■ EXERCISE DETAILS:
Set down a faithful copy of every record below, with no images.

Image-caption web data:
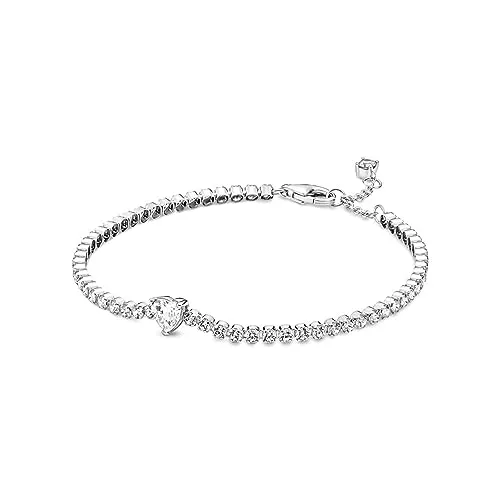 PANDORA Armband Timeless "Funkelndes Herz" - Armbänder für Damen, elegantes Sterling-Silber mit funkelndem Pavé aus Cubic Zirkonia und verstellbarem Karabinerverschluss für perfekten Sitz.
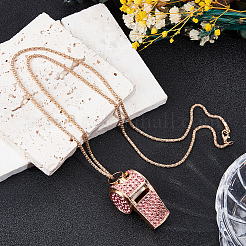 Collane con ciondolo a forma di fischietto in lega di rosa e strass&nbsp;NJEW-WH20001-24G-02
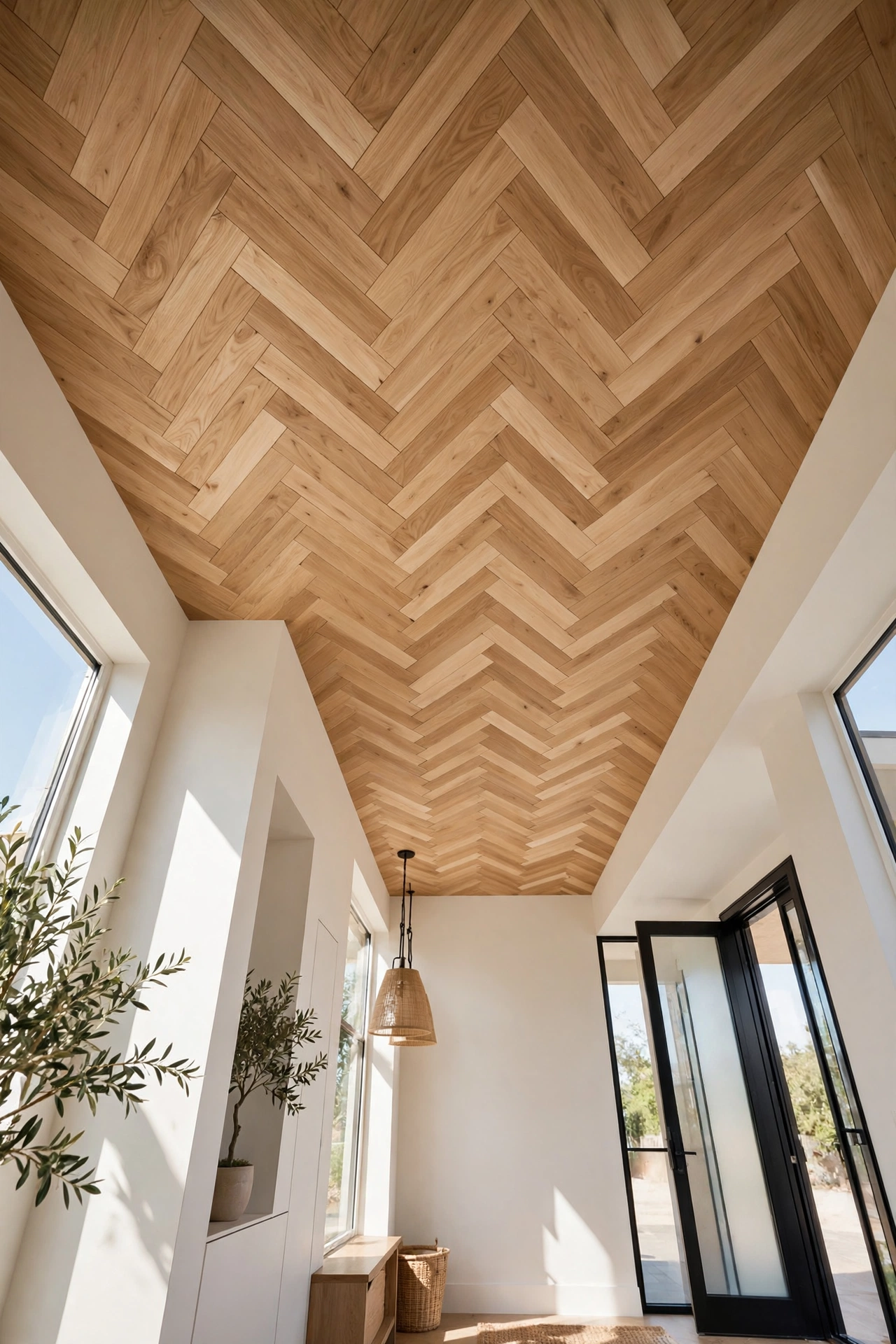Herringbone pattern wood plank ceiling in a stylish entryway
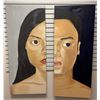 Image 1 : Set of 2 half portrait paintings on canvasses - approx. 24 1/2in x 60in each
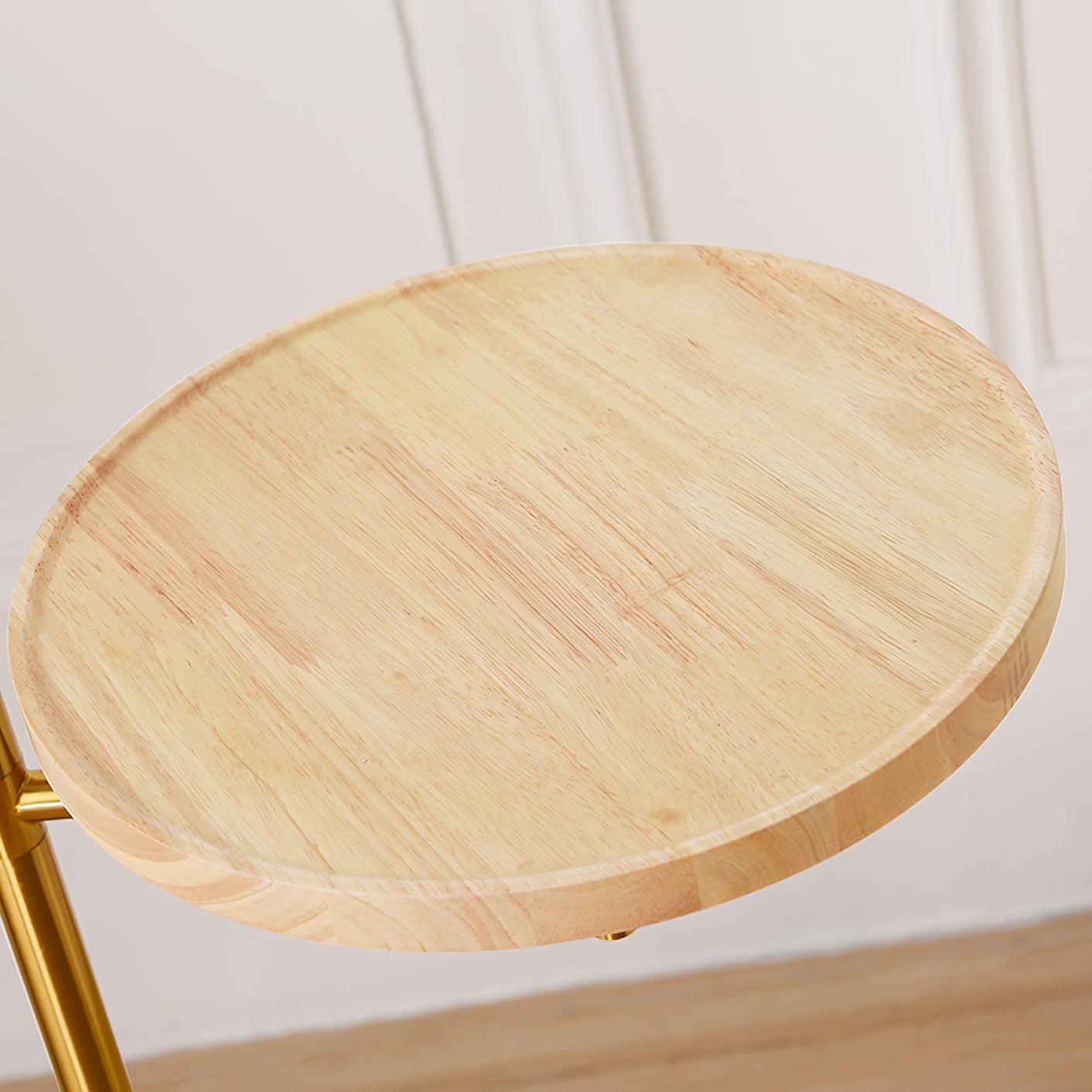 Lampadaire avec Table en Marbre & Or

■ TASK OUTPUT:
 PANDORA Armband Timeless "Funkelndes Herz" - Armbänder für Damen, elegantes Sterling-Silber mit funkelndem Pavé aus Cubic Zirkonia und verstellbarem Karabinerverschluss für perfekten Sitz.
 Collane con ciondolo a forma di fischietto in lega di rosa e strass&nbsp;NJEW-WH20001-24G-02
Herringbone pattern wood plank ceiling in a stylish entryway
 Image 1 : Set of 2 half portrait paintings on canvasses - approx. 24 1/2in x 60in each
 Lampadaire avec Table en Marbre & Or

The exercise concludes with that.